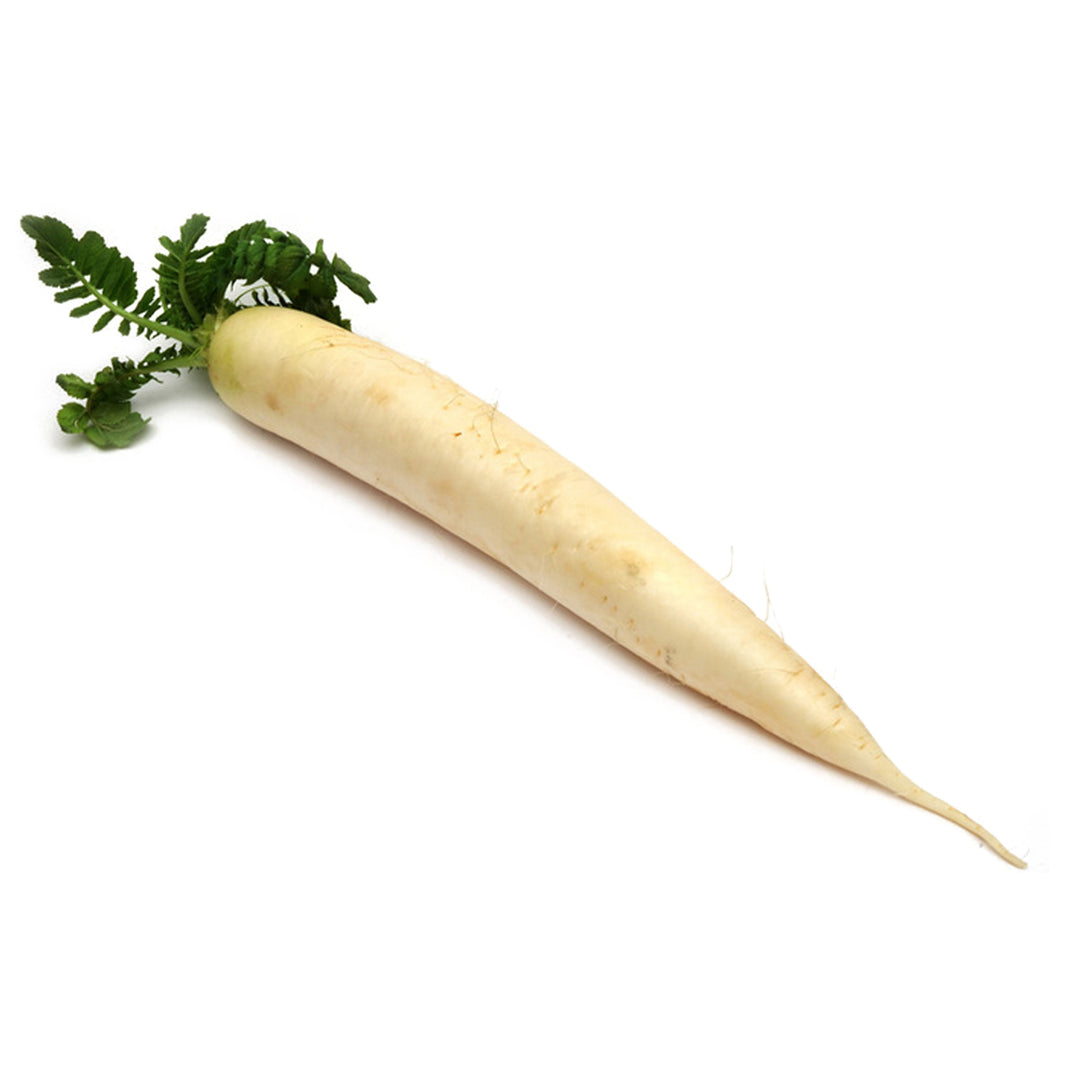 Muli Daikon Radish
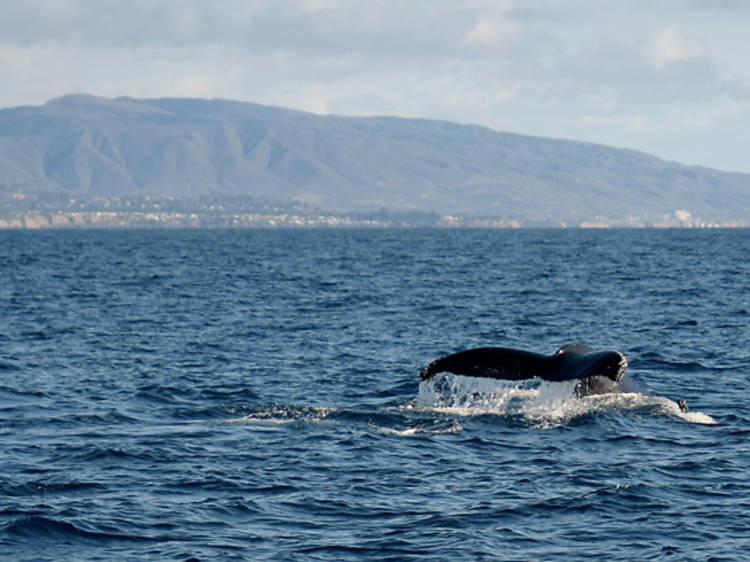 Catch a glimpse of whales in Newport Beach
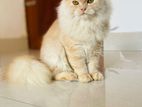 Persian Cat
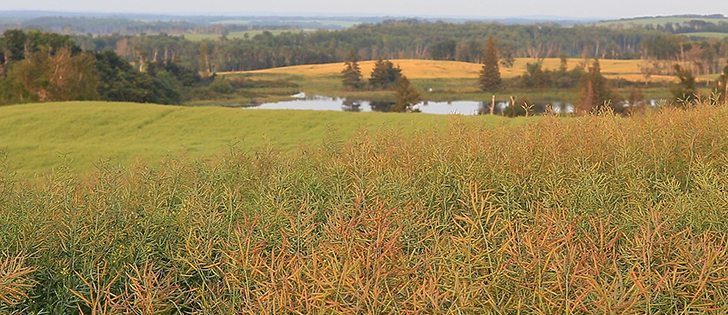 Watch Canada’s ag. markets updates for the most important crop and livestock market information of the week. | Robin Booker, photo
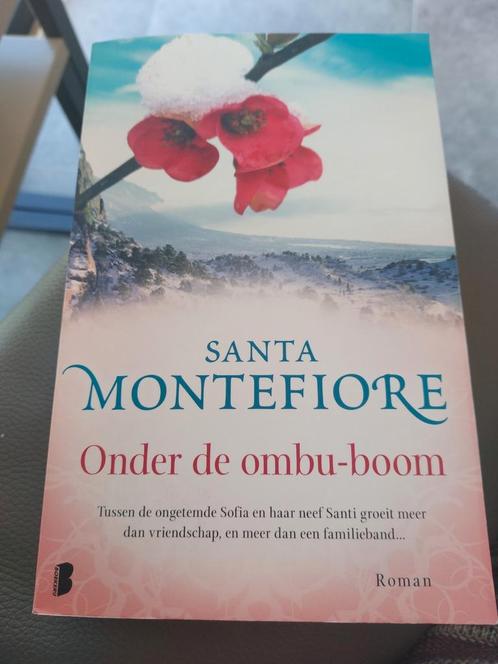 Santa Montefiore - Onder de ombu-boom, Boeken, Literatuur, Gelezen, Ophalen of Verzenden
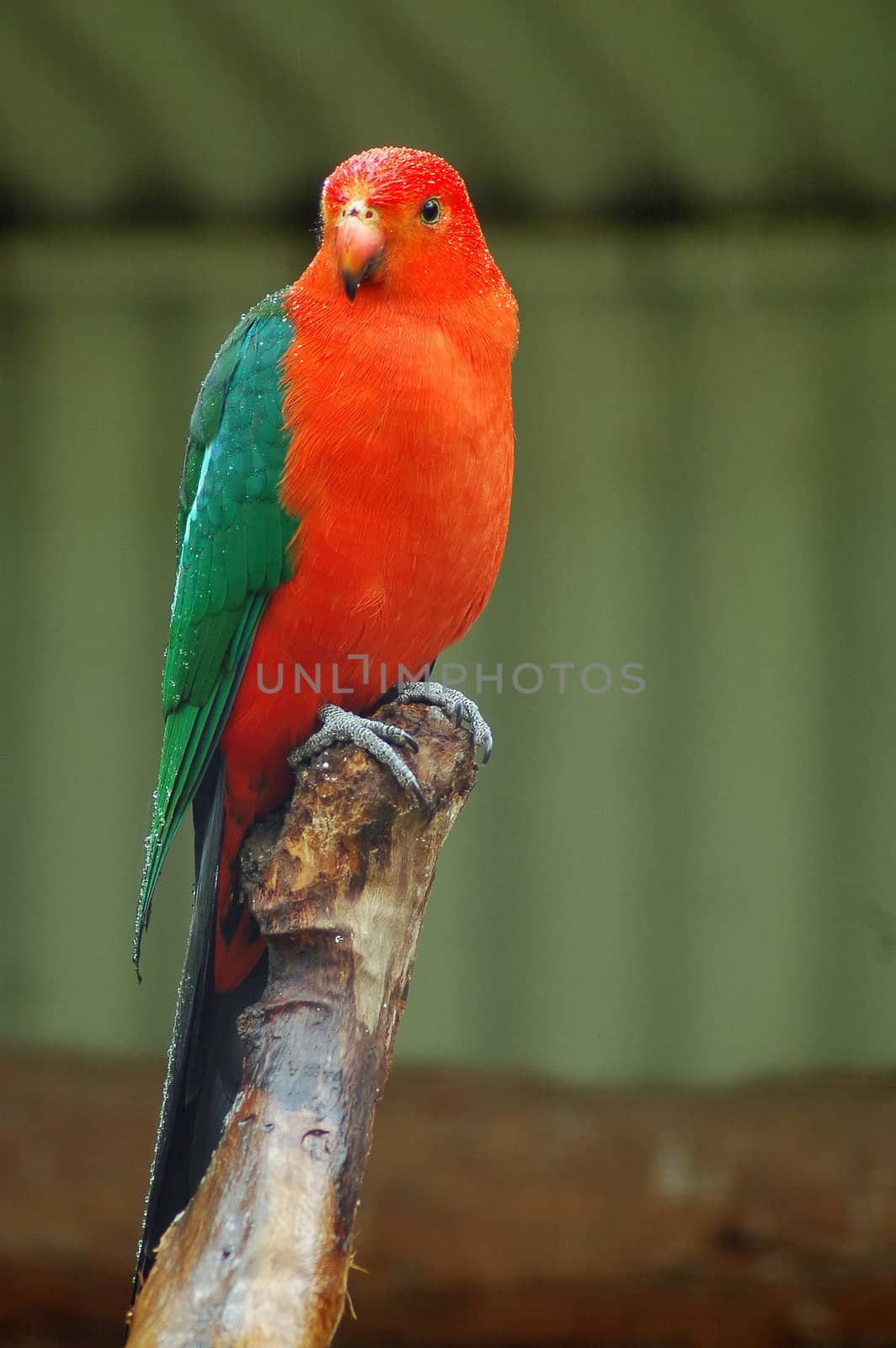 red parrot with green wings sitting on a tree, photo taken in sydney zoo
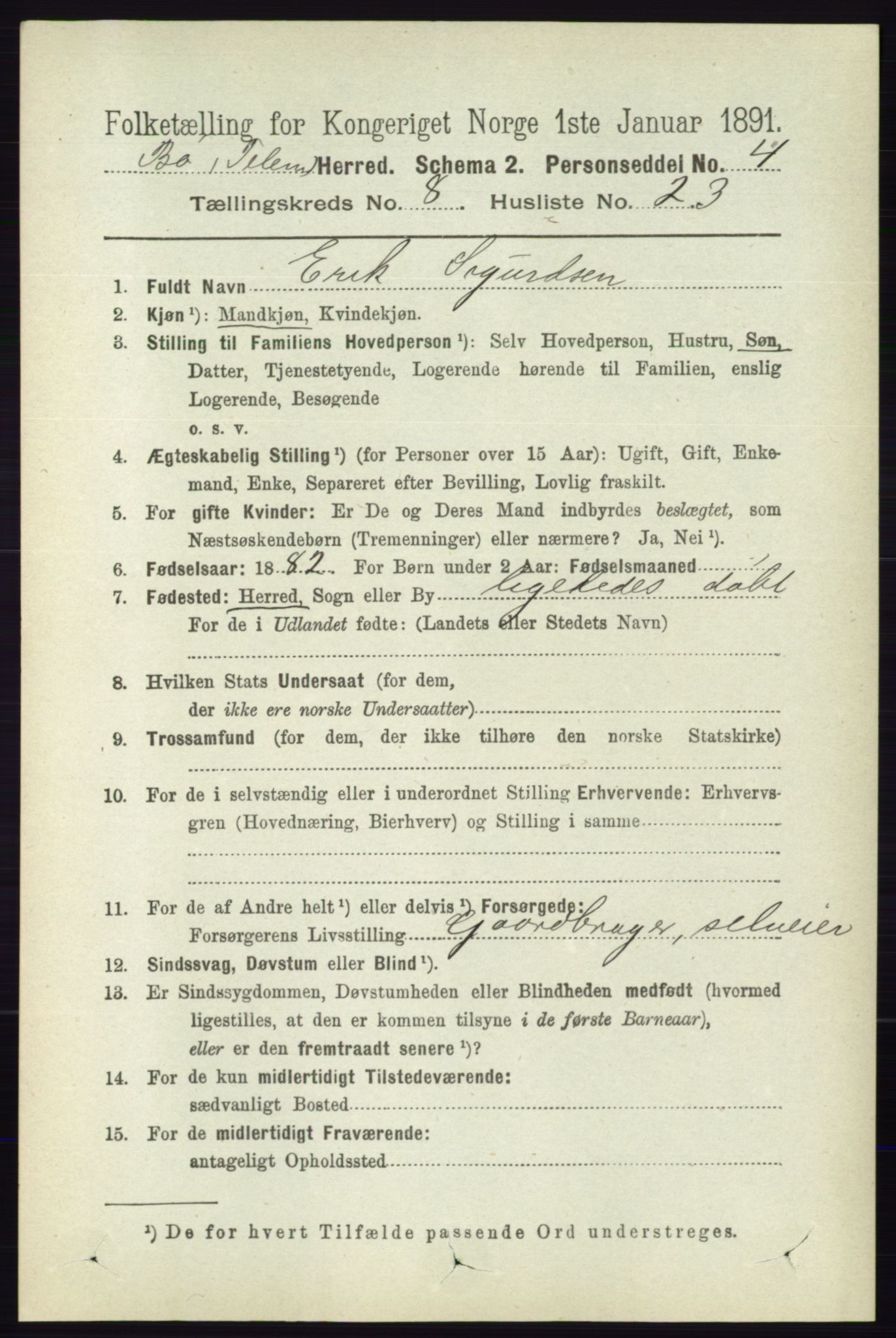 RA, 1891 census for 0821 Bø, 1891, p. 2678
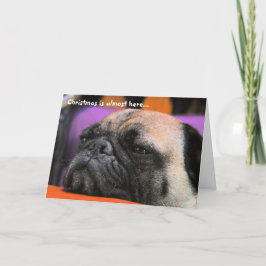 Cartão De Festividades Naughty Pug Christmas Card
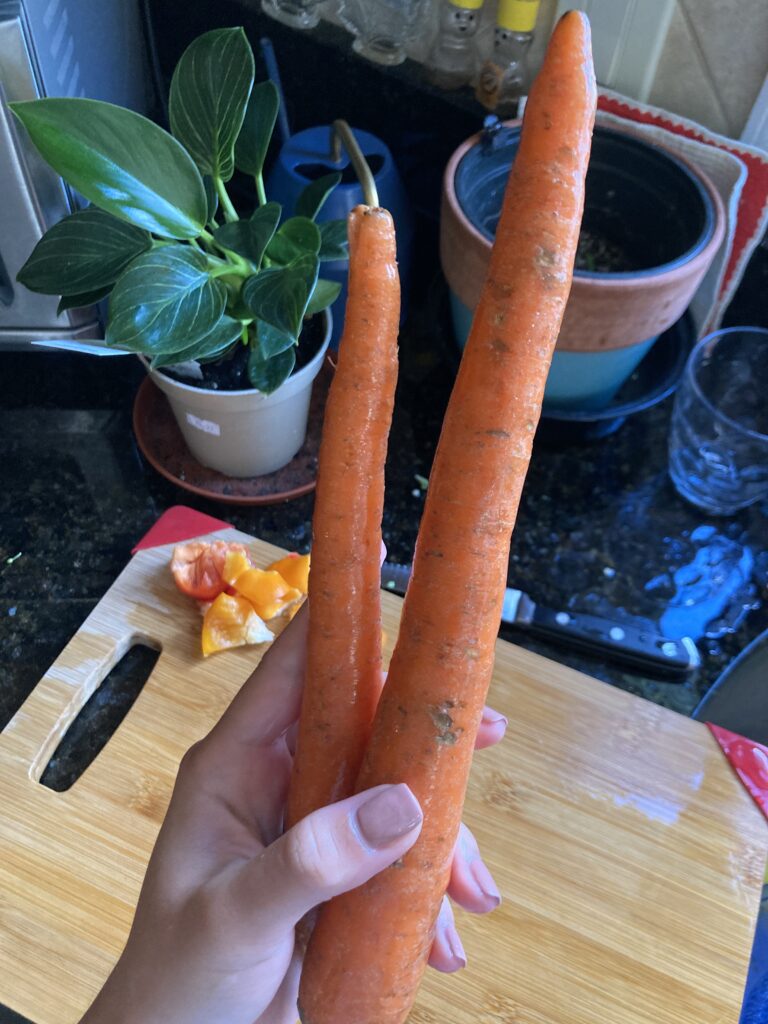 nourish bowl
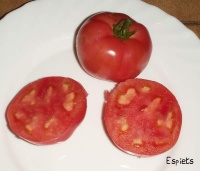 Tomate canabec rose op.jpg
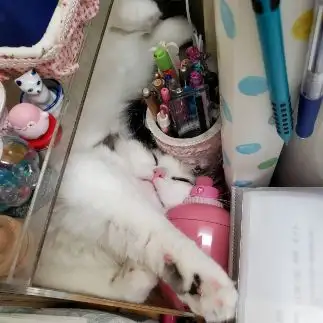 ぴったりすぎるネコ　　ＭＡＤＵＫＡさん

──────

An exact, image-free transcription of all the records above is needed.

 Muli Daikon Radish
 Catch a glimpse of whales in Newport Beach
 Persian Cat
 Watch Canada’s ag. markets updates for the most important crop and livestock market information of the week. | Robin Booker, photo
 Santa Montefiore - Onder de ombu-boom, Boeken, Literatuur, Gelezen, Ophalen of Verzenden
 red parrot with green wings sitting on a tree, photo taken in sydney zoo
 RA, 1891 census for 0821 Bø, 1891, p. 2678
 Cartão De Festividades Naughty Pug Christmas Card
 nourish bowl
 Tomate canabec rose op.jpg
 ぴったりすぎるネコ　　ＭＡＤＵＫＡさん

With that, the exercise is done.